After getting public input and having the area included in the county Solid Waste plan, MDEQ would review the local plan and its specific details.
If a new area has already been considered and included in the county plan, a public hearing would not be required.
The second step, Wilbur said, would be to file environmental permit applications (for a solid waste permit and a storm water management permit) with MDEQ.
“The length of this process is difficult to speculate on because it is highly site specific and is based on the permit application as well as whether or not there are problematic siting or design issues that may arise,” he said.
Once the current landfill is closed, the city must maintain the site in “an environmentally protective condition,” Wilbur said.
The state Legislature has issued a law that says, “the generation of waste should be reduced or eliminated at the source, whenever feasible; waste that is generated should be recycled or reused whenever feasible; waste that cannot be reduced or recycled should be treated in an environmentally safe manner; and disposal or other permitted release into the environment should be employed only as a last resort and should be conducted in an environmentally safe manner.”
In some areas of the nation, cities and counties are turning methane created in the breakdown of household waste into an alternate form of energy.
MDEQ promotes using landfill gas from solid waste landfills, Wilbur said.
“We currently have five landfills in the state that do use landfill gas as an alternate energy source. Rubbish landfills do not typically generate methane gas in a quantity that would support re-use,” he said.
Brookhaven’s landfill does not produce greenhouse gases.

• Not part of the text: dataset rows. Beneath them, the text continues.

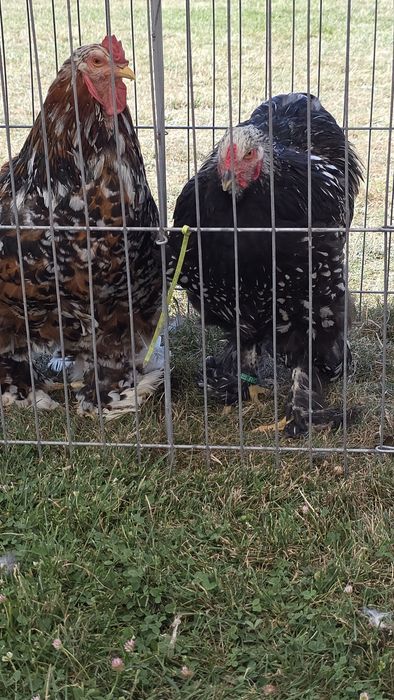 Familie brahma disponibile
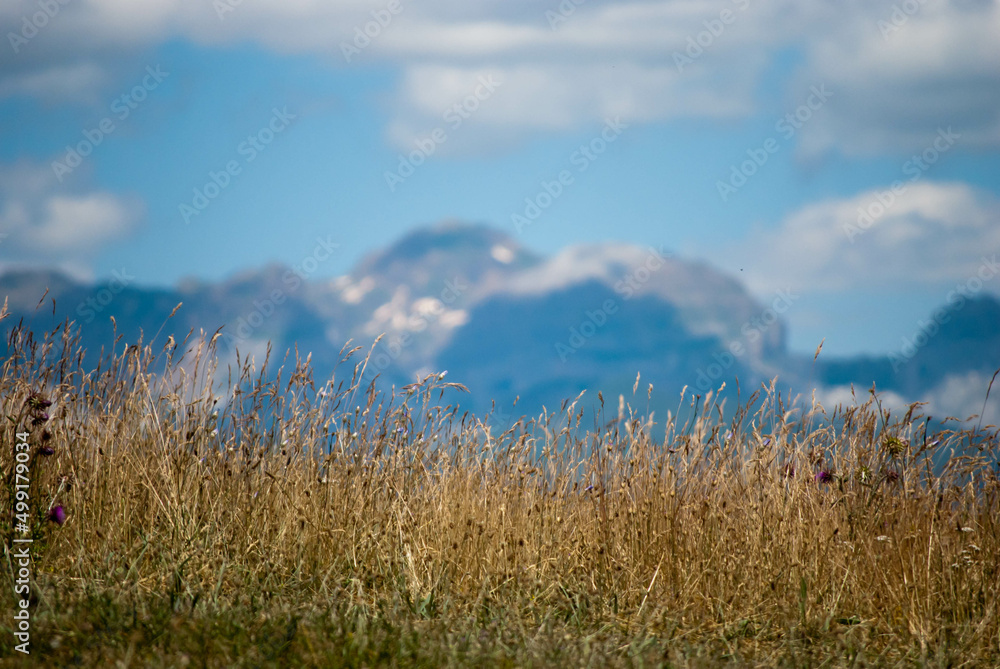 Beautiful view of mountain valley landscape with clear skies and plants in the foreground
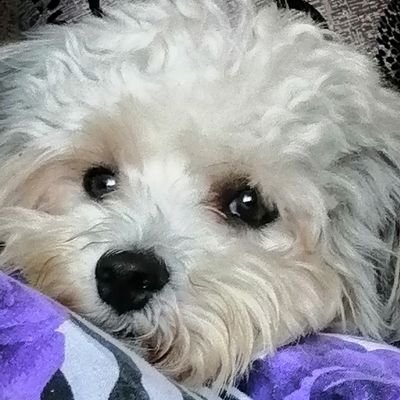 Profile Picture of Kim-dix (@Kimdix19) on Twitter
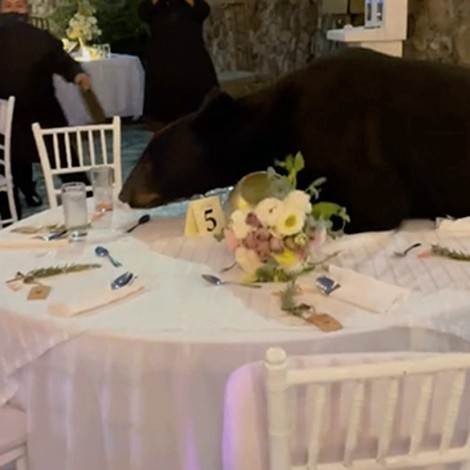 Oso irrumpe boda en Nuevo León y busca comida en mesa de invitados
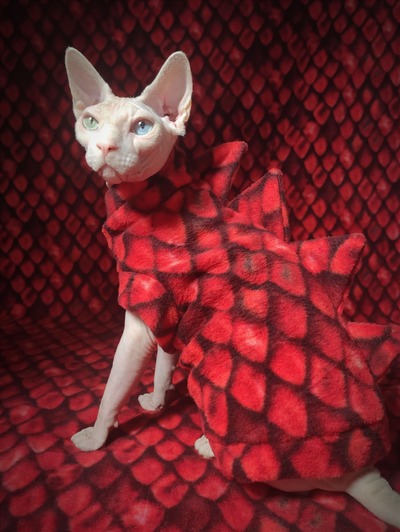 Red Gargoyle - Luxe Fleece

The city wants to increase recycling from its present 23 percent to 45 percent, its website says.
About 75 percent of American waste is recyclable, but only 30 percent is recycled, according to the EPA. The average person makes more than four pounds of trash a day and about 1.5 tons of solid waste a year, the EPA says.
These EPA estimates show why recycling is more preferable than burying them: Plastic takes more than 400 years to degrade, while glass bottles take about 4,000 years to decompose.
Those are talking points that are leading to more stringent federal and state regulations.
Alternatives to landfills
Wilson said it would help if more residents started separating their own trash properly and recycling everything they can.
“We’re in better shape than most cities because we have a recycling program,” Fernald said.
The city holds a hazardous waste collection once or twice a year. But there are some ways that residents can recycle what they would normally throw away.
Since the EPA forbids the disposal of batteries in landfills, people are encouraged to drop off their rechargeable batteries at any Best Buy, Lowes, Radio Shack, or other stores that sell batteries.
The website call2recycle.org tells how to find stores near you, and how you can ship batteries to a location for proper disposal.
To help save landfill space, residents could put small piles of debris, twigs and leaves by their garbage pickup container, to be picked up by the garbage truck. If it’s in bags, the solid waste crew won’t pick them up.
Garbage around the city is picked up once a week. Recycling bins are emptied on Mondays.
There would be less waste for street crews and garbage trucks to pick up if more residents separated their own trash and recycled what they could, Lewis said. The city’s recycling program takes in clean paper, aluminum and metal cans, newspapers, magazines and plastic bottles, but not glass containers.